Nunca precisei usar o “ponto” no Teatro. Talvez porque ele já não estivesse mais em atividade quando comecei a encenar ou porque o considerava uma muleta. A verdade é que ele foi criado no século no século XVIII e só existe hoje de maneira institucional na Comédie-Française, talvez por causa do abandono do sistema de alternância e dos palcos italianos.
O ponto ajuda os atores em dificuldade, falando em voz baixa, soprando, articulando bem, mas sem gritar, a partir dos bastidores ou do buraco, mascarado por um nicho (o “capô”) no meio e na frente do palco. Sopra-se a palavra ou, se o ator se embaralha na frase, a frase seguinte, tomando cuidado com os tempos de extensão variável para não confundi-los com lapsos de memória.
Entretanto, sempre fiz com que os atores fossem “pontos” uns com os outros. Assim, ao invés de criar muletas, criava “pontes” que permitia ao elenco mais segurança no palco. É fato que o bom ponto deve saber, ao observar os atores, antecipar o erro ou a dificuldade e interferir no momento exato. O problema ocorria quando ele entrava na hora errada ou não permitia o tempo necessário para o ator falar seu texto.
Chamei de “pontes” a criação de subtextos que antecipavam os textos dos atores. Explico: se o ator “X” tem a seguinte frase:
“- Seja qual for seu problema, não estou aqui para resolvê-lo!”
E ele não o diz, abrindo espaço para o famoso “branco” (lapso de memória temido pela maioria dos atores) e a frase é importante para a compreensão da frase seguinte do outro ator que ele está contracenando, a “ponte” entra em ação pelo ator que percebeu o lapso do companheiro de cena.

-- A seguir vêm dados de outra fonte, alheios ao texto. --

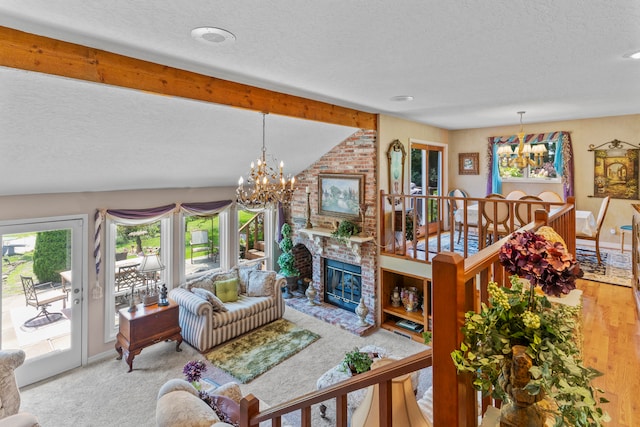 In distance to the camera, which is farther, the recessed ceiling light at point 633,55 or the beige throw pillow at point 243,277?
the beige throw pillow at point 243,277

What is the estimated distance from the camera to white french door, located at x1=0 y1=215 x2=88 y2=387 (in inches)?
162

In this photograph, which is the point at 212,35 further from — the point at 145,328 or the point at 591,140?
the point at 591,140

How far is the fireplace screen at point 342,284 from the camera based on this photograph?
5898 millimetres

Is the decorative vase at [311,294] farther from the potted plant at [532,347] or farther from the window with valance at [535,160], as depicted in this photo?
the potted plant at [532,347]

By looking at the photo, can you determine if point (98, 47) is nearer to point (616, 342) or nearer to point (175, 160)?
point (175, 160)

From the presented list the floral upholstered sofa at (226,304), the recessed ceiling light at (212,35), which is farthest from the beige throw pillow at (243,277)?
the recessed ceiling light at (212,35)

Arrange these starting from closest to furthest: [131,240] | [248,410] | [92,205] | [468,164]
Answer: [248,410] → [92,205] → [131,240] → [468,164]

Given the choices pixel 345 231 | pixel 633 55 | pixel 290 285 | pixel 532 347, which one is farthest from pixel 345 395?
pixel 290 285

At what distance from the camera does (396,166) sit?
5.61 meters

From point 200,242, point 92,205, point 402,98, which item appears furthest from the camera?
point 200,242

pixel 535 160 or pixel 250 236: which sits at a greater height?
pixel 535 160

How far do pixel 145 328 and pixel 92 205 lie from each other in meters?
1.80

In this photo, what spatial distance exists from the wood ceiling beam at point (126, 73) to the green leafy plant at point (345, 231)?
206cm

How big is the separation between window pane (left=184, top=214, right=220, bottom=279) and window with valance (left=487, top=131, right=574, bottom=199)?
537 cm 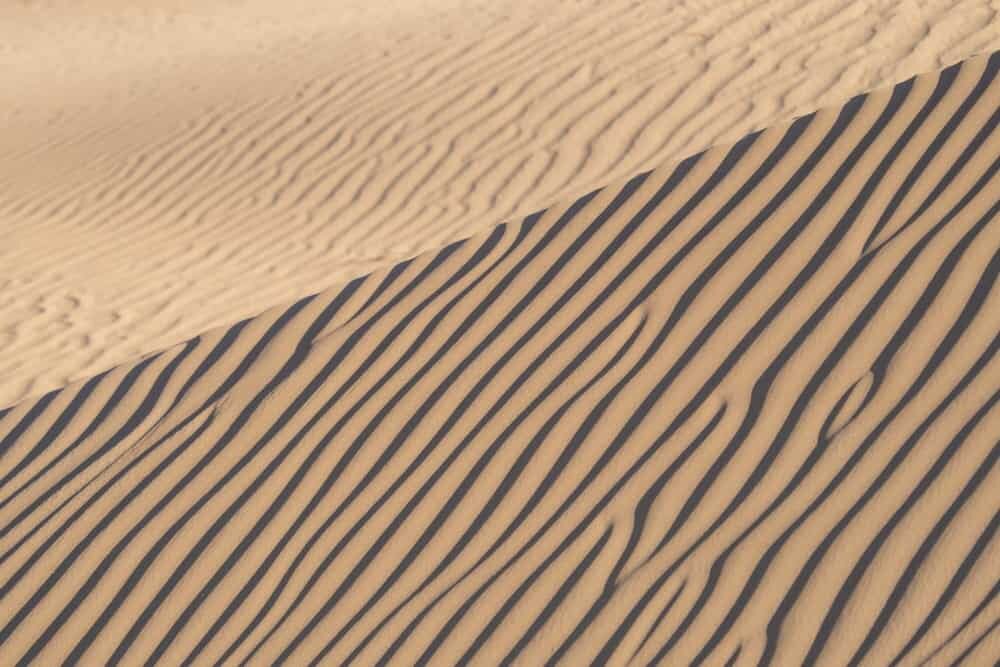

Assim ele diz uma nova frase (subtexto) que não estava no texto para disparar a frase do outro:
“- Eu estou cheio de problemas!”
“- Seja qual for seu problema, não estou aqui para resolvê-lo!”
Pronto. O texto corre livremente. A “ponte” é o toque, a deixa subentendida que passa despercebida pela plateia. É claro que isso exige treinamento e técnica.
Outra artimanha (até hoje ainda é usada) no Teatro são as dálias. Uma espécie de cola usada pelos atores escritas em pedaços de papel e distribuídas pelo cenário. Há um caso interessante e engraçado do ator Ambrósio Fregolente, ao atuar em um programa de teatro ao vivo, na antiga rede Tupi de Televisão, no Rio de Janeiro (reconheceu sua dificuldade em decorar os textos e, para evitar constrangimento, pendurou suas falas num vaso de dálias instalado bem próximo da cena).
Como as folhas de papel e as flores não faziam parte do espetáculo, o contrarregra, desavisado, tirou tudo dali, inclusive o vaso, deixando o ator completamente desesperado com o programa em andamento e sem poder continuar a encenação. Fregolente grita:
- “Onde estão as minhas dálias?”
Desde então, o vaso de dálias é usado em espetáculos teatrais e nos programas de televisão, onde, escondidas atrás das flores, ficam camuflados "as colinhas" dos atores. Assim, mesmo sem estar escondido entre vasos e flores, esses pedaços de papéis ou de cartolina, que ainda socorrem os atores em cena, receberam o nome de dália e, até na era dos pontos eletrônicos, não foram totalmente aposentadas.